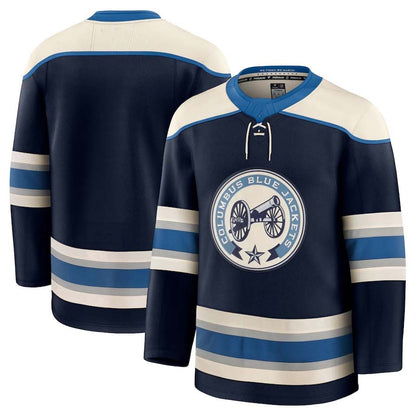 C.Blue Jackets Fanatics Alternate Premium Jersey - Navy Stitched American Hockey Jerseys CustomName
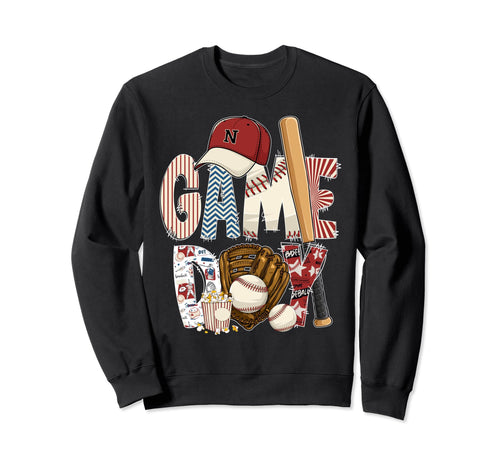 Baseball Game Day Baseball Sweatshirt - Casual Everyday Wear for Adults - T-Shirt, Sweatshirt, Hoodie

==

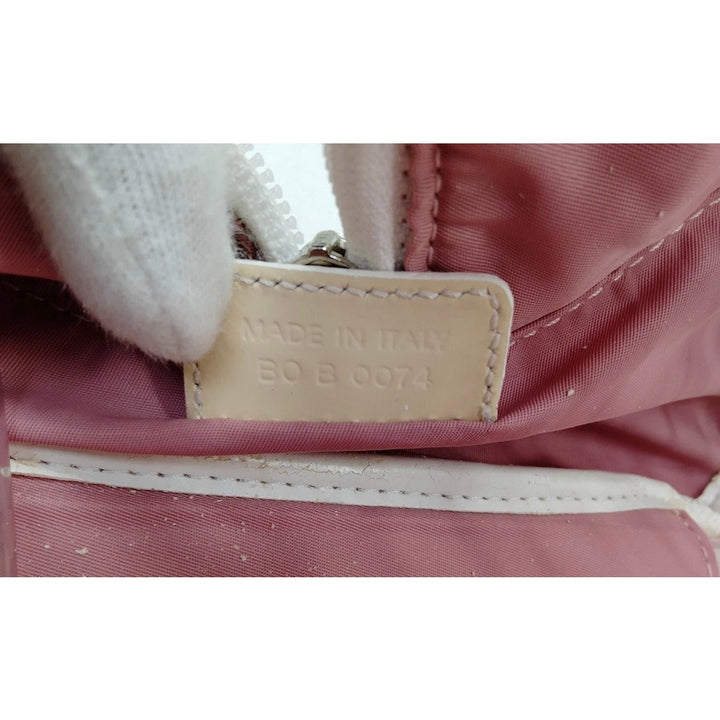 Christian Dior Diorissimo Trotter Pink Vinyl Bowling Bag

==

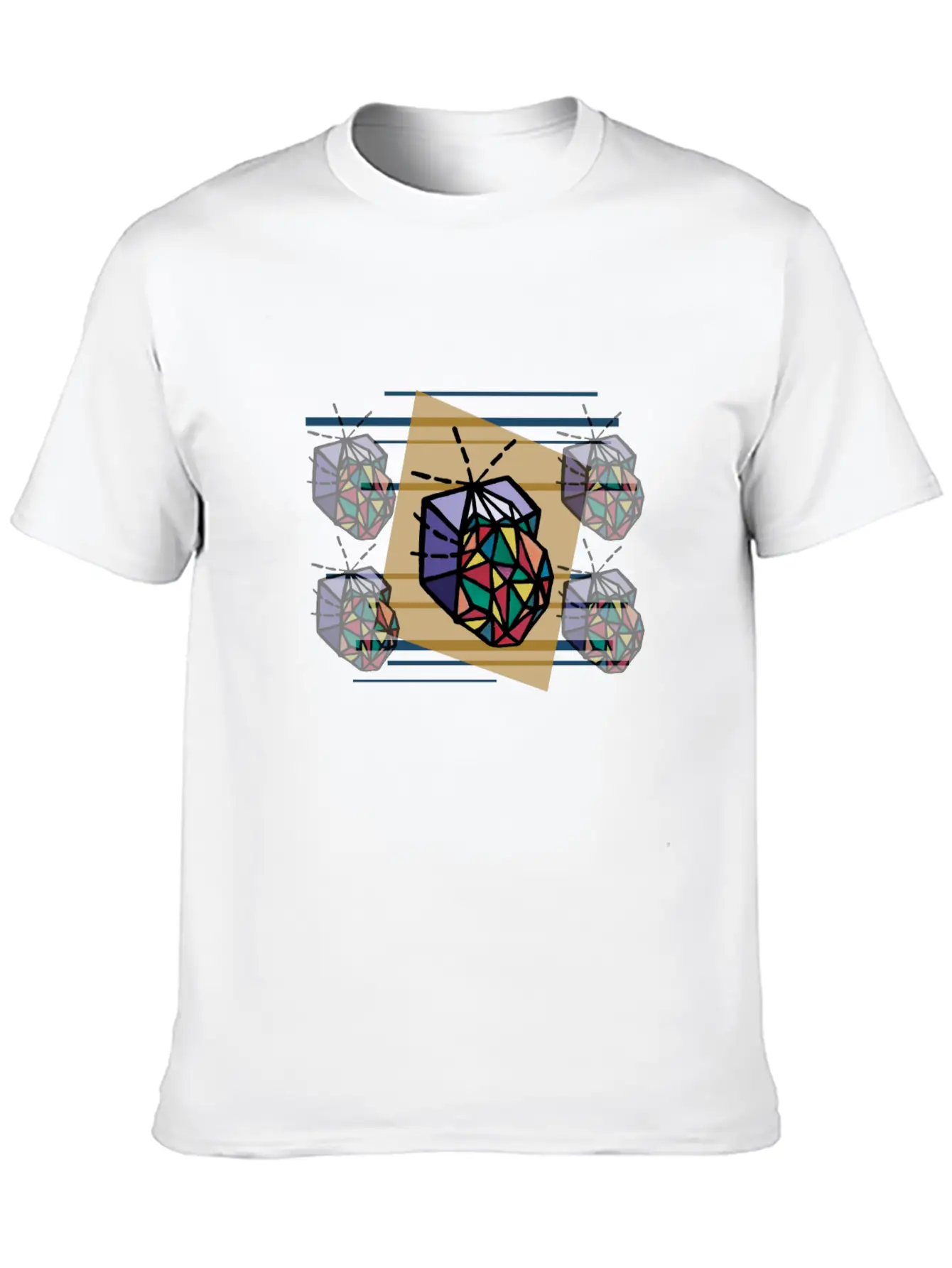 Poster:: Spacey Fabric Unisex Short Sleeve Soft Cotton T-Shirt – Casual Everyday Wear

TASK TO COMPLETE —
Word for word, repeat the lines above from the one with "C.Blue Jackets Fanatics" through the one with "Baseball Game Day", and nothing beyond them. Omit the pictures.

RESPONSE TO THE EXERCISE —
 C.Blue Jackets Fanatics Alternate Premium Jersey - Navy Stitched American Hockey Jerseys CustomName
 Baseball Game Day Baseball Sweatshirt - Casual Everyday Wear for Adults - T-Shirt, Sweatshirt, Hoodie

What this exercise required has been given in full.